Of course, this doesn’t have to happen. If it has happened to you, there’s a chance you can reverse it.
I speak from experience. For me, the boredom really set in once we had children and stopped being able to go out and do things–babysitters are expensive, our son has some unique needs, and our daughter is basically made out of cling wrap. I started spending just about all of my energy on my kids. Neither my husband or I had much free time or were doing much of interest that we could talk about when we did have a moment to hang out together. Our together time turned into screen time. We were perpetually exhausted and usually went to bed early.
My husband kept saying he wanted to spend more time with me, but for a long time I didn’t really hear it. “Time with me” translated to do doing chores or watching reruns, because that’s what we usually did–for the most part, we didn’t even have the energy to stay awake through a full movie.
Then, one day, I got it: my husband wanted us to start dating again.

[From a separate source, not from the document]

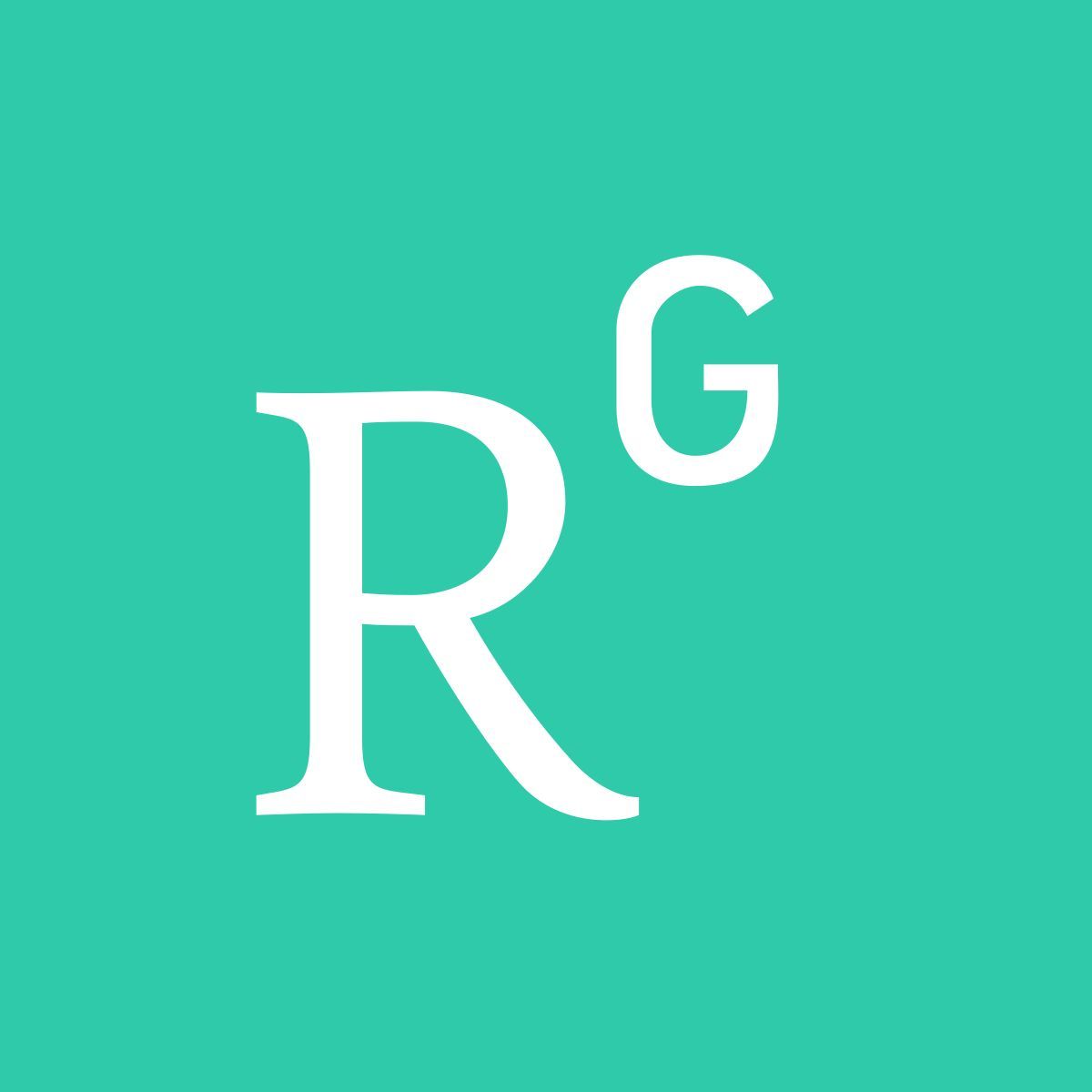 researchgate icon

We’ve taken several stabs at it over the last couple of years. The stresses of everyday life are certainly difficult to overcome, not to mention the finances (we’ve tried stay-at-home dates on several occasions, but one or both of us usually punks out and turns on the TV). Now that our kids are old enough to deal with having a sitter at bedtime (I mean, they don’t kill her or anything), we’ve decided we just have to make it a priority. Which leads me to my first tip on how to date your husband:
Just do it.
Obviously, some excuses are more valid than others, but if you wait for life to open up and hand you an opportunity, you’re never going to get out of the house. If money’s a problem, do something cheap. If you don’t have a babysitter, find one (friends with kids are a great option because you can pay them in trade). If you’re too tired, have a cup of coffee.
Get out of the house.
Even if you just go browsing at a bookstore, pack a picnic, or go for a walk, it’s imperative that you get away from your everyday life and just be together.
Do something scary.
They say that one of the few ways adults make friends with each other is to survive something together. So what better way to bond with your partner? And I’m not just talking about scary movies–in fact, I recommend you don’t go to the movies at all, since that’s on par with sitting at home watching TV and costs a lot more money. I mean, do a ropes course together. Visit a psychic if that kind of thing weirds you out. Sing karaoke. Climb a tree. Play truth or dare.
Compete with each other.
For certain personalities, this might not be a good idea, but I’ve found that one of the big issues that pops up in a long-term relationship is a lack of spark, and I don’t just mean that sexually. And if you’re not sparking in a good way, you’ll start to spark in a bad way. One or both of you will start picking fights; your relationship might get tense and angry. So channel that need for clash into a basketball game, some mah-jongg, a video game tournament. And these are things that, contrary to my earlier advice to get out of the house, you can do at home–and with the kids around. Which leads me to my final gem:
Consider the children.
I mean, if you’ve got any. But if you do, I think it’s important to remember how they see you and your relationship. During some of my grumblier times, I have noticed my kids starting to act less lovingly toward their father–once my son even came out and said, “We don’t like Daddy.” Which is when I knew I had to turn it around. Because, annoyed as I might get, I do like Daddy. I love him. And so do they.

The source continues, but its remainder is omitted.